→ **EXERCISE OBJECTIVE**
As the lines appear below, please set them down exactly, starting at the first and finishing with the one containing "อนิเมะ telegram sticker".

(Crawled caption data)

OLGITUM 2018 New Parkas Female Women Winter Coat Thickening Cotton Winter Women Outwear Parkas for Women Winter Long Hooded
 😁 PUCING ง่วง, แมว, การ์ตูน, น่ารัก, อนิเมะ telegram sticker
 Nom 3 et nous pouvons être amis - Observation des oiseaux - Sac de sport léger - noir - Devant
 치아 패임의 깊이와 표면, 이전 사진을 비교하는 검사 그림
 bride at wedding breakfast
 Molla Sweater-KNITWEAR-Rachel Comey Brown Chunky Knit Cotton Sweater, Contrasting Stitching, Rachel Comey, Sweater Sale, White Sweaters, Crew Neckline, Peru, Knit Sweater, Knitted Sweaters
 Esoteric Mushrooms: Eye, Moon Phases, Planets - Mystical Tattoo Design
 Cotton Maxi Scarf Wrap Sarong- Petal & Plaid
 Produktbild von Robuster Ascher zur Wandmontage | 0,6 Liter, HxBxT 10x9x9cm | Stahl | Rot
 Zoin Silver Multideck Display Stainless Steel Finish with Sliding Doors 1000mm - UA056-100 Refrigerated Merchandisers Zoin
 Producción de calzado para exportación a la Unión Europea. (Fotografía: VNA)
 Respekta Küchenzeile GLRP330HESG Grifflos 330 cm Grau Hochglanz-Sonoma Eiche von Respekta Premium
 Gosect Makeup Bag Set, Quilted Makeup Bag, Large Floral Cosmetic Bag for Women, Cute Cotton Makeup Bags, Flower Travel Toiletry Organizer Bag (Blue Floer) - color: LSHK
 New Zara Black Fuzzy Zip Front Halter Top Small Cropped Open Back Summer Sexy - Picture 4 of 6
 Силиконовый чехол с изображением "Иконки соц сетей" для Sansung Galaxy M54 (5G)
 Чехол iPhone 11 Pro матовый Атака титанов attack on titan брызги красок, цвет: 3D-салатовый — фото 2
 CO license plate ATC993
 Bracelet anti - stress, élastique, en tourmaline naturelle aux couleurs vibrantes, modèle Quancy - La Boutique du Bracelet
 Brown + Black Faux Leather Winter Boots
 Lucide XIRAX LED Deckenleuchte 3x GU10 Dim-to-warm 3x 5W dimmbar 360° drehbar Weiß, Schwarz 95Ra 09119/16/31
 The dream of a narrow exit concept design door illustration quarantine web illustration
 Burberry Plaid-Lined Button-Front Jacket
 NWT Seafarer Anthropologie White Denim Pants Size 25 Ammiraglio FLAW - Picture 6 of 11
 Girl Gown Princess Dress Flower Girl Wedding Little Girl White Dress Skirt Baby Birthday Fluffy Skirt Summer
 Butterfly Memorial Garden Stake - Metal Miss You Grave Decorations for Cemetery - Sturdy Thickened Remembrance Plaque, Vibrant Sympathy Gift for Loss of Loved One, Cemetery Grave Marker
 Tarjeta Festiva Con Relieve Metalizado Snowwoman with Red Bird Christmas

→ **RESULT OF THE EXERCISE**
OLGITUM 2018 New Parkas Female Women Winter Coat Thickening Cotton Winter Women Outwear Parkas for Women Winter Long Hooded
 😁 PUCING ง่วง, แมว, การ์ตูน, น่ารัก, อนิเมะ telegram sticker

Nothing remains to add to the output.